In the "value" column you can list "our" perspective as well as "client" perspective on values. Or even "partner" perspective. Walking through the five letters, asking questions, you can get another view of the "solution" suggested. And you will be able to see the solution from new perspectives - and also see whether things are covered from all perspectives.
Listing the answers you get for the five areas you can learn a lot more about what the solution were aiming at. And you can also see where you have not covered it fully.
Are you sure about what policies the client have that has to be followed? Or will be used?
The VPEC-T can very fast get me asking good questions and see how complete the solution is. Just walk through the letters - ask a few questions. Use both "our" perspective and the "client" perspective to see if both are covered. (Not saying they always have to be.)
The letters also lets you stay away from the actual "solution" and instead see the influence in the business.
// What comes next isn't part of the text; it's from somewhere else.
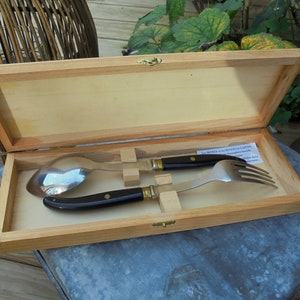 Peut inclure: Une boîte en bois avec un couvercle à charnière, contenant un service de salade en argent avec des manches noirs. La boîte est ouverte et le service est visible à l'intérieur. La boîte porte une petite étiquette avec le texte "Les Métiers d'Art en Layon".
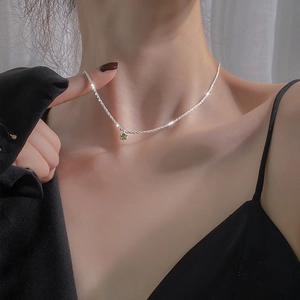 Sparkling silver necklace with round green gemstone pendant worn on neck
And what environment the solution will work in.
What kind of questions are we talking about? Well, questions and themes like the ones listed in this mindmap (http://www.informationtamers.com/VPECT/VPECT-mindmap.html )
So, I have started to use VPEC-T as a mini-checklist when listening on people having a "solution" they want to put forward. And since the five letters also gives a structured approach it is very easy to walk through with other people.
The real benefits then?
1. A structured approach. Five letters - five areas for questions and discussion.
2. Covering important aspects of the "environment" where solution should operate. Including the value that should be the result
3. Can be used as complement to all other method you already use.